**TASK DIRECTIONS:** Would you copy exactly the lines in the data below from the one that has "New arrival. This" through the one that has "It came with", dropping any pictures?

**RECORDS PROVIDED:**
--------------------------------------------------
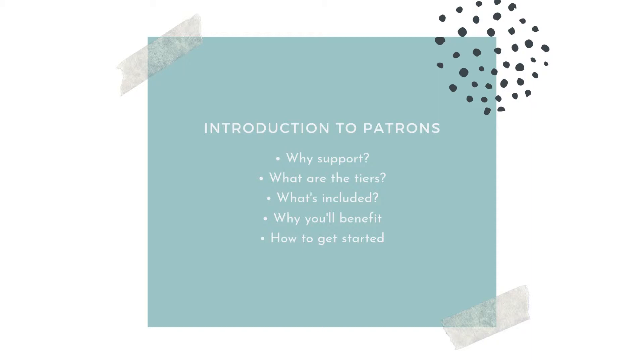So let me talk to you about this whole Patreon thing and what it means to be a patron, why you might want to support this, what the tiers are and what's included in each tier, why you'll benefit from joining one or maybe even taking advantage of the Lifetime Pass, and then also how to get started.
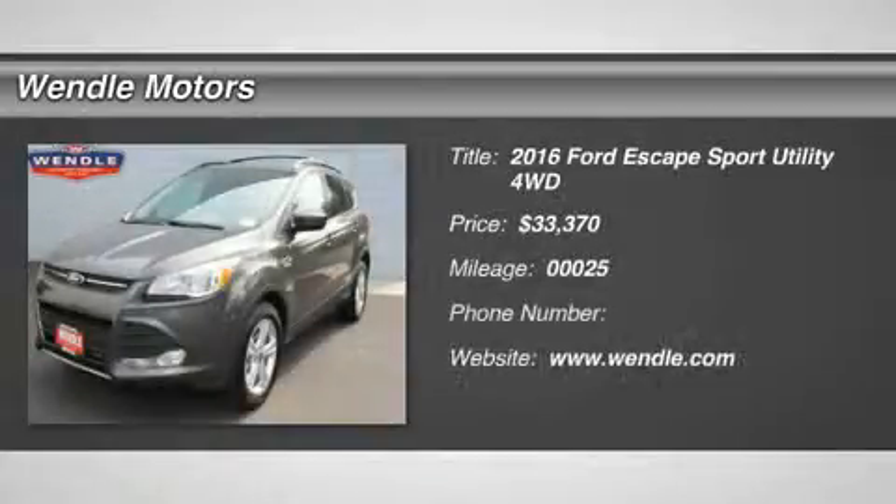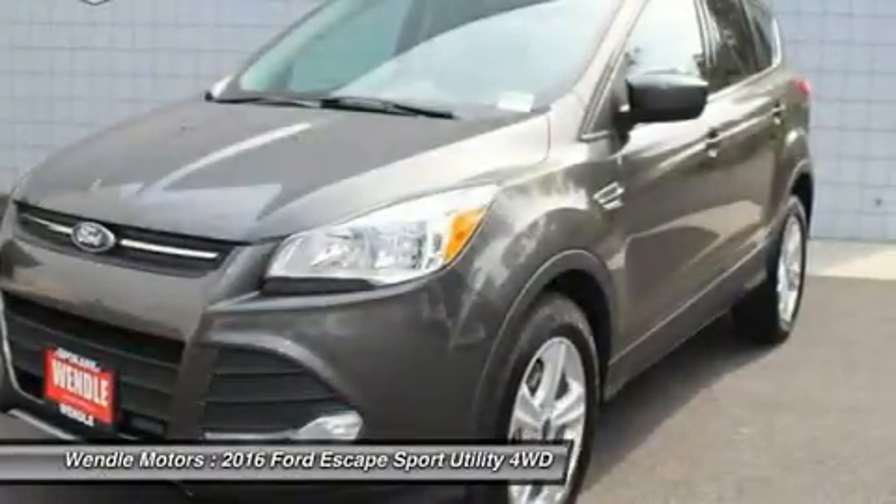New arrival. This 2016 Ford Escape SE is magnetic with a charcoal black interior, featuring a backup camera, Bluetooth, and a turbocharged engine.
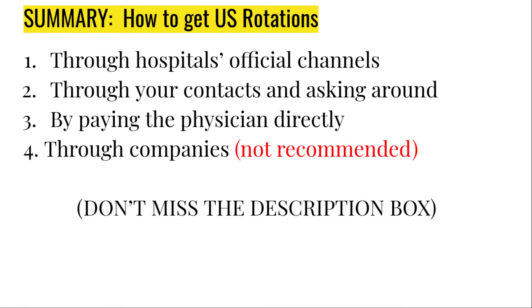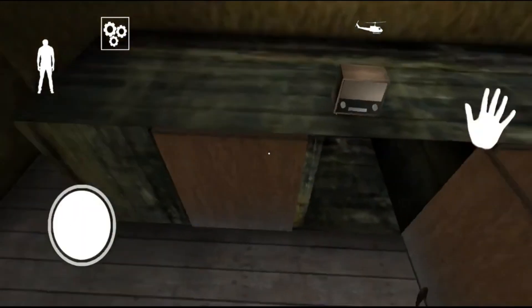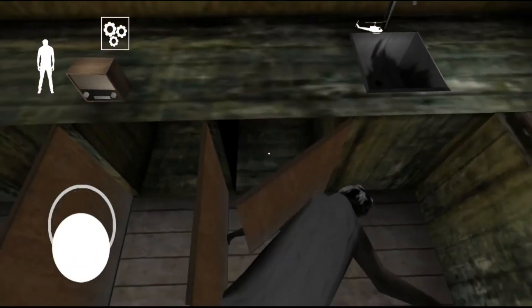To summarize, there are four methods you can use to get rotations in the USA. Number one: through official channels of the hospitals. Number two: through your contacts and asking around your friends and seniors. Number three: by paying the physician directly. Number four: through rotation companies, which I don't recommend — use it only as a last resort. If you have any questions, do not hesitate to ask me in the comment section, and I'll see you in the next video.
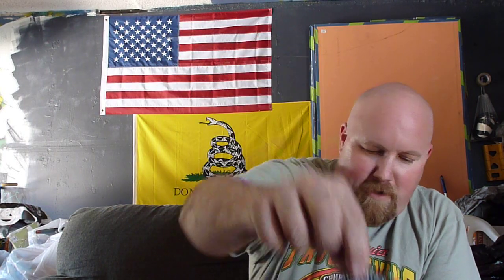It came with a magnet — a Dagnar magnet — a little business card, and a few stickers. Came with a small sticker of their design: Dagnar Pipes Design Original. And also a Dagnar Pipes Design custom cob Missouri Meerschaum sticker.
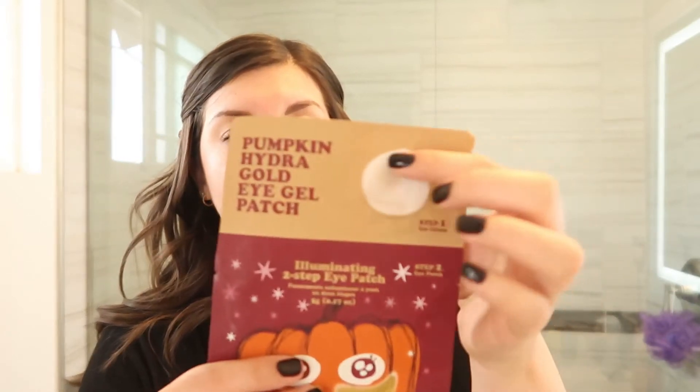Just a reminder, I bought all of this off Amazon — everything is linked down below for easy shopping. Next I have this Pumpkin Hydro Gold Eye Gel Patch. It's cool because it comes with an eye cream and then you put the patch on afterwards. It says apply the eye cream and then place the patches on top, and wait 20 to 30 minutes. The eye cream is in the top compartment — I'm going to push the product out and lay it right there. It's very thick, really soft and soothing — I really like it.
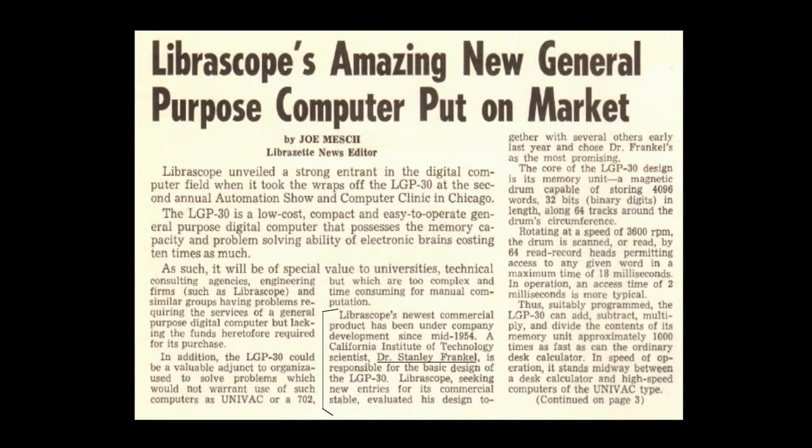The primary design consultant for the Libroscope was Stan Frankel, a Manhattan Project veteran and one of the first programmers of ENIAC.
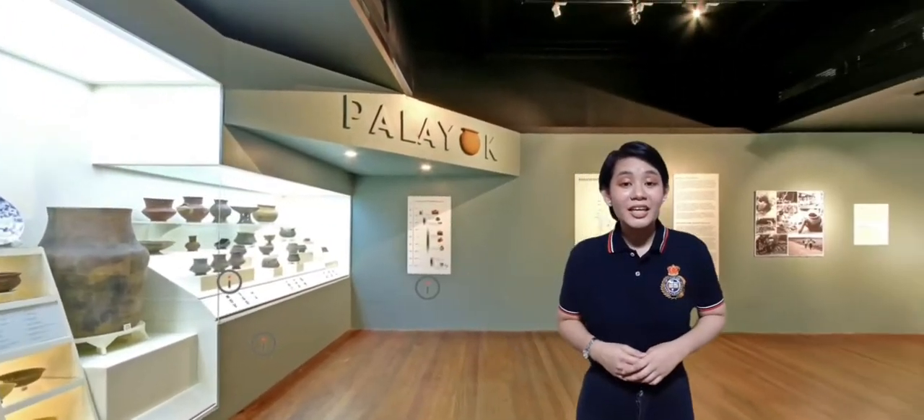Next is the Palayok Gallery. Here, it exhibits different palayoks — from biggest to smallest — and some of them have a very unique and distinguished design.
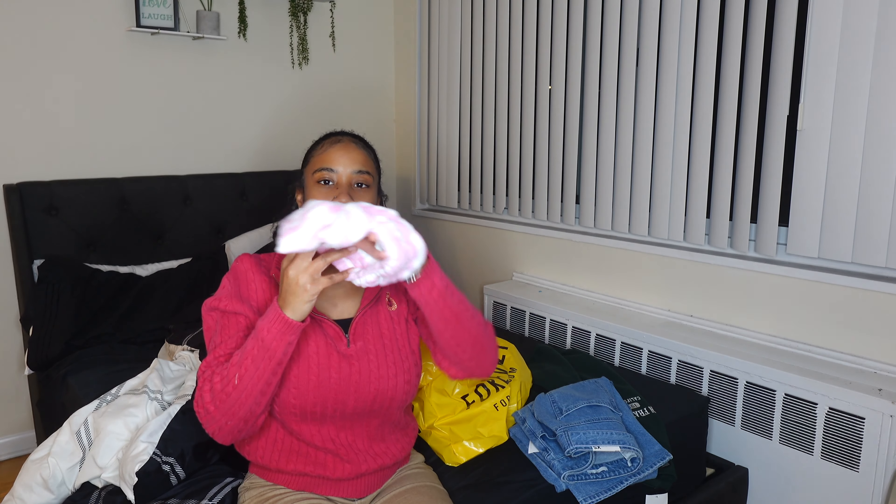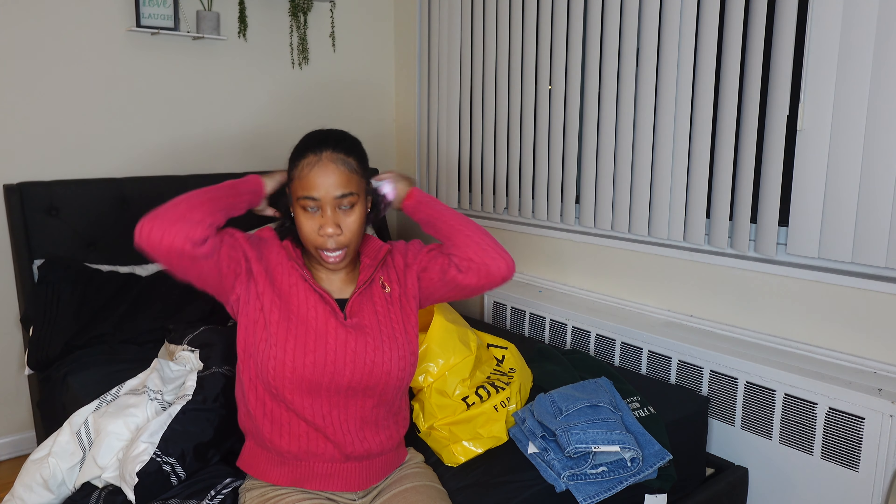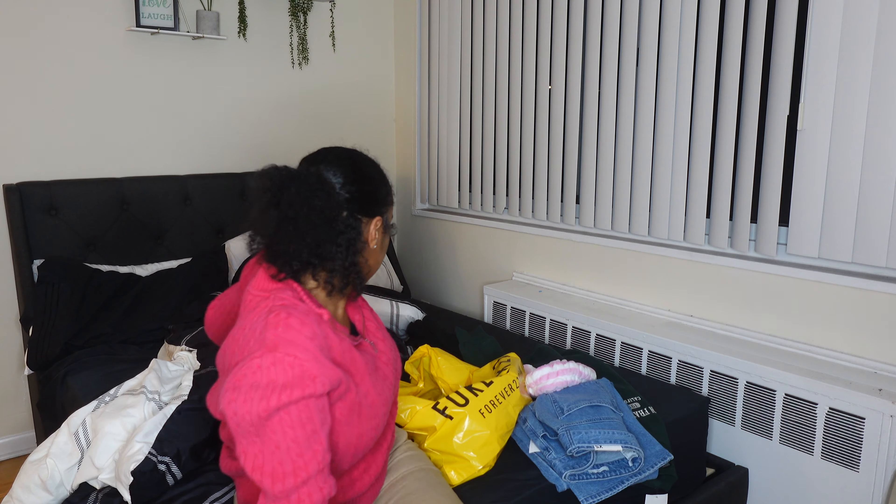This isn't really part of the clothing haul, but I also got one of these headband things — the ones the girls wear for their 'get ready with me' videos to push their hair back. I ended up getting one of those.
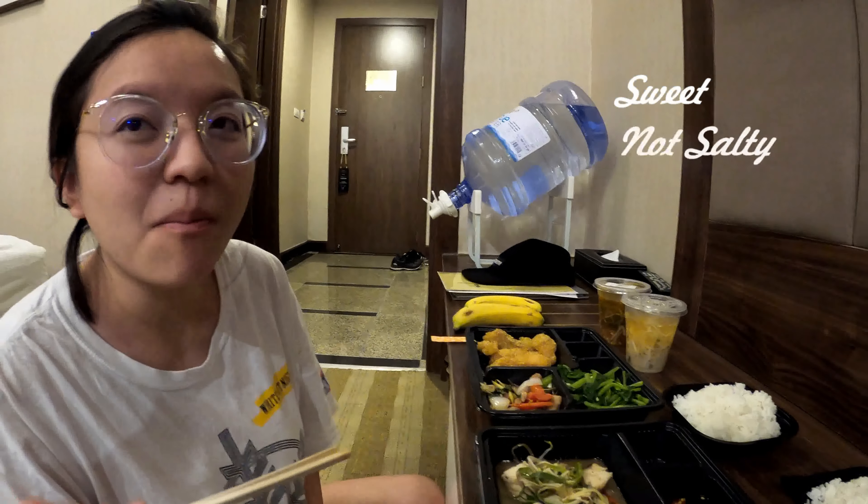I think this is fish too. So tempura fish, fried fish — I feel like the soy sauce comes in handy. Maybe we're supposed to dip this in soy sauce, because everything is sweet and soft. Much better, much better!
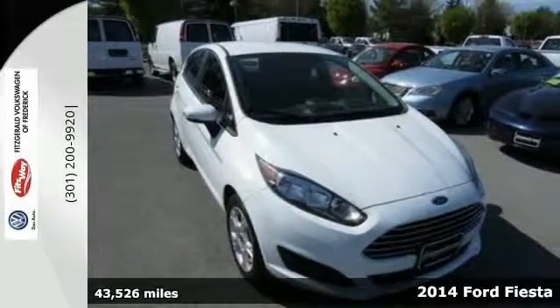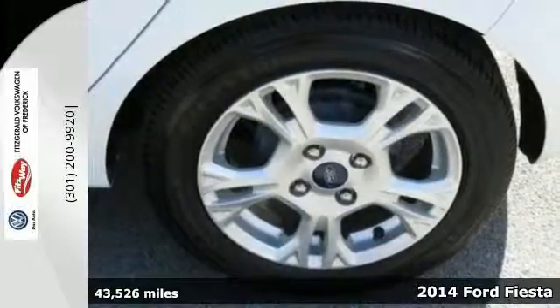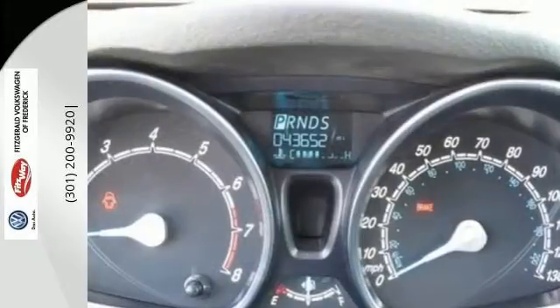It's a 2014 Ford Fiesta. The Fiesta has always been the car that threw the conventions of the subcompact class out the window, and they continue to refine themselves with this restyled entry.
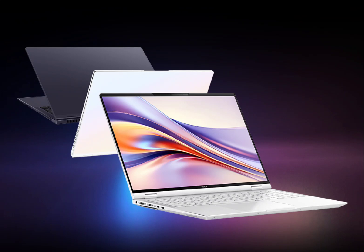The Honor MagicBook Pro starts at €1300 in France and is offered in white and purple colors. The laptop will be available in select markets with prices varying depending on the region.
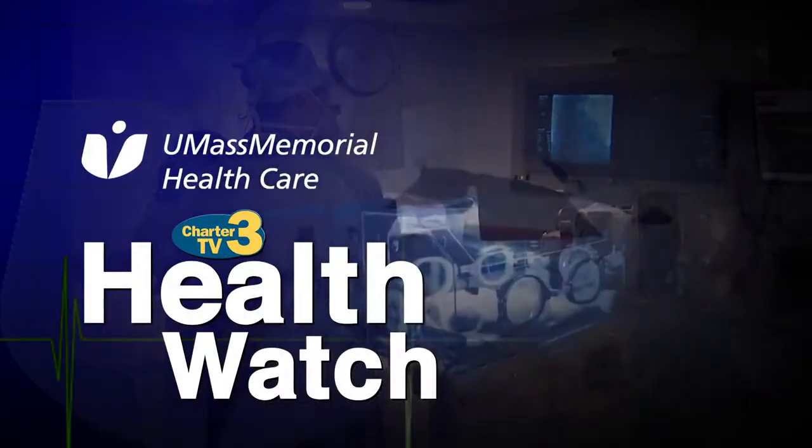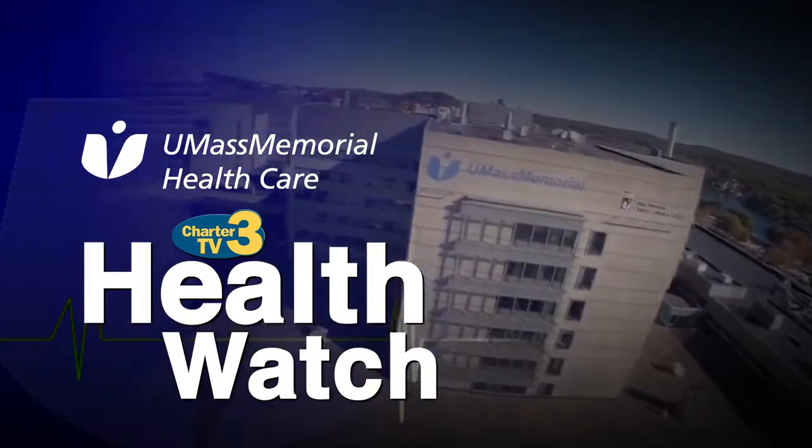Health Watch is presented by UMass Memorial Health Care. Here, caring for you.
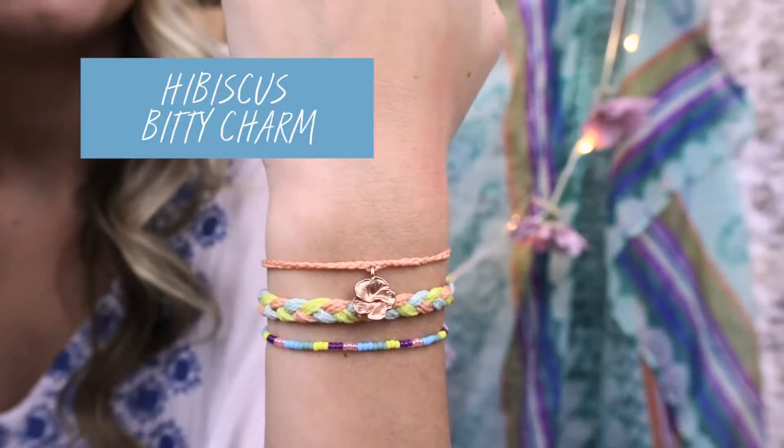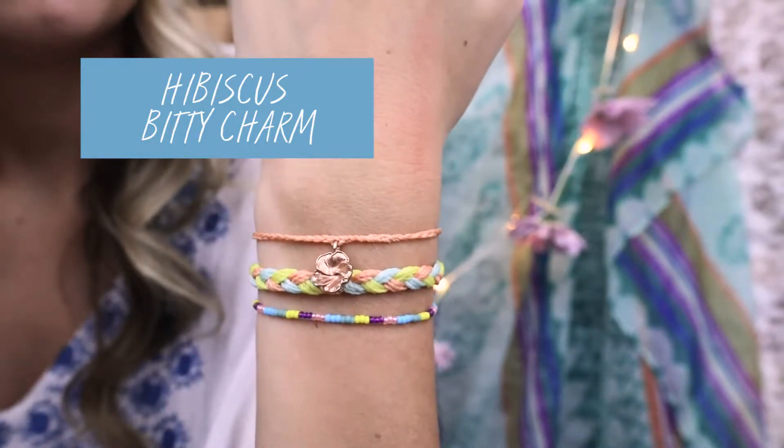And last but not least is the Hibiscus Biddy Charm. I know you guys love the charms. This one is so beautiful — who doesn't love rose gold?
--------------------------------------------------
**FINISHED TASK:**
New arrival. This 2016 Ford Escape SE is magnetic with a charcoal black interior, featuring a backup camera, Bluetooth, and a turbocharged engine.
To summarize, there are four methods you can use to get rotations in the USA. Number one: through official channels of the hospitals. Number two: through your contacts and asking around your friends and seniors. Number three: by paying the physician directly. Number four: through rotation companies, which I don't recommend — use it only as a last resort. If you have any questions, do not hesitate to ask me in the comment section, and I'll see you in the next video.
It came with a magnet — a Dagnar magnet — a little business card, and a few stickers. Came with a small sticker of their design: Dagnar Pipes Design Original. And also a Dagnar Pipes Design custom cob Missouri Meerschaum sticker.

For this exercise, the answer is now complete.